Petr Knoth – SoFAIR Project Coordinator
Project Numbers
Long-term vision
- To incentivise good practices of software assets curation, we need to treat research software as first-class bibliographic records.
- The most widely used approaches typically provide no guarantees of permanence and reproducibility.
- SoFAIR will establish a machine-assisted workflow embedded into widely used open scholarly infrastructures to assist researchers in identifying, describing, registering, linking and archiving research software.
Ambition
- Develop a machine learning assisted workflow for software assets lifecycle covering all the steps from 1) identification of software mentions in research manuscripts, 2) their validation by authors, 3) their registration with PIDs and archival if needed.
- Embed this workflow into established scholarly infrastructures, making the solution available to the global network of open repositories, covering tens of millions of open access research papers originating from across more than 10k repository systems.
Tools and infrastructures
- GROBID [developed by Patrice Lopez, subcontracted in this project by INRIA]: is an open source machine learning library for extracting, parsing and re-structuring raw documents such as PDF into structured XML/TEI encoded documents with a particular focus on technical and scientific publications.
- CORE (core.ac.uk) [developed and operated by OU]: CORE (Knoth & Zdrahal, 2012) is the world’s largest aggregator of open access research papers from repositories and journals used by around 30 million monthly active users.
- HAL [operated by INRIA] is the primary open repository in France for scientific articles.

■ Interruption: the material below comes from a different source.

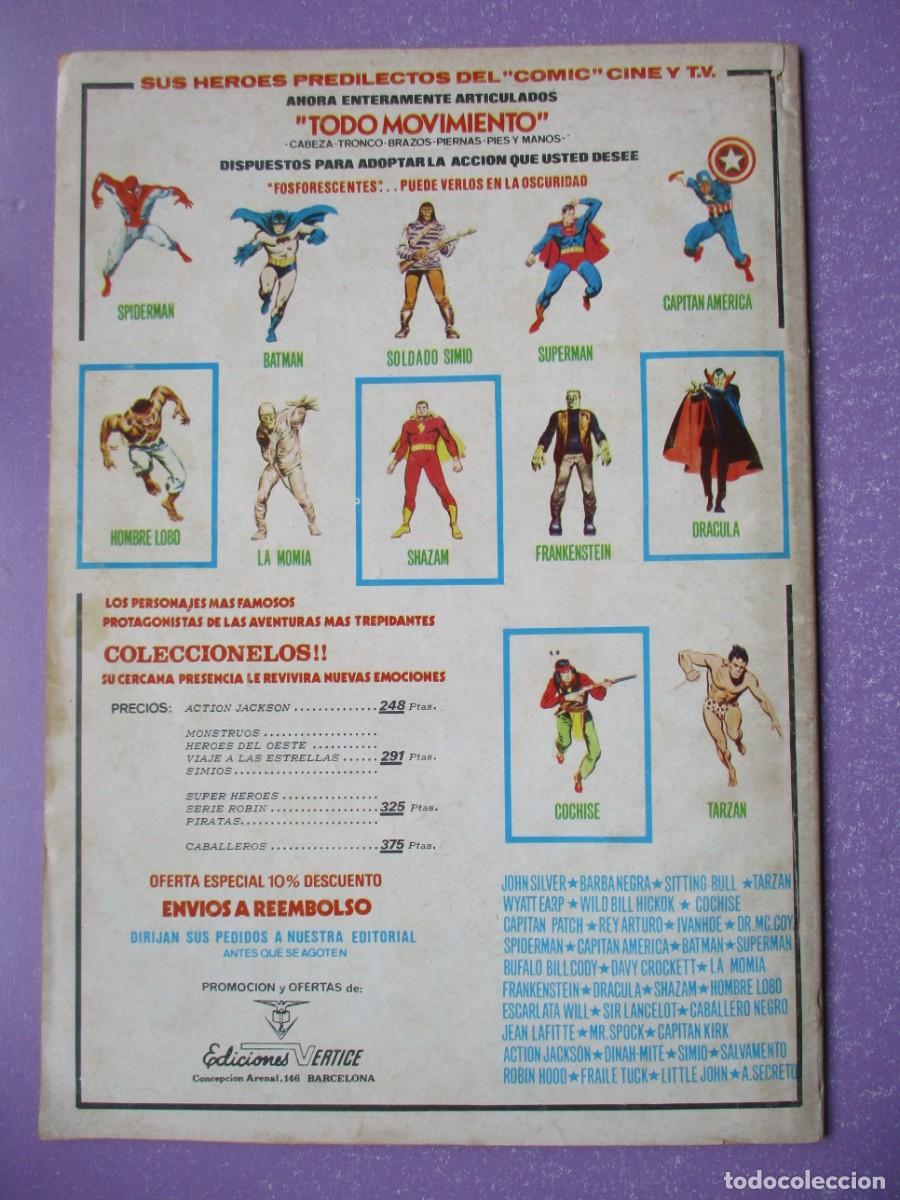 C&oacute;mics: ESCALOFRIO 59 VERTICE &iexcl;&iexcl;&iexcl;&iexcl; BUEN ESTADO !!!! - Foto 2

It also serves as a repository for INRIA researchers, hosting over a million fulltext research papers.
- Software Heritage [developed and operated by INRIA]: collects, preserves, and shares all software that is publicly available in source code form.
Solution
- The solution will be optimised for deployment over open content available through the global network of open repositories aggregated by CORE (core.ac.uk), which constitutes with over 32 million full texts and 250m+ metadata records from over 10k repositories currently the world’s largest collection of open access documents.
- Our ML software for extraction and disambiguation of software assets will be realised as an extension of the state-of-the-art GROBID tool. We will build on established protocols, such as OpenAIRE Guidelines v4.0, RIOXX v3 and Codemeta, to encode information about software assets and their links to research manuscripts establishing an interoperable and extensible workflow connecting open repositories (represented by HAL), aggregators (represented by CORE) and software archives (represented by Software Heritage).
- The efficacy of the developed tools and workflow will be validated in three use cases: 1) life sciences demonstrator (for Europe PMC), 2) a multi-disciplinary demonstrator for institutional repositories (represented by HAL) and a 3) digital humanities case study (with links to DARIAH and EOSC).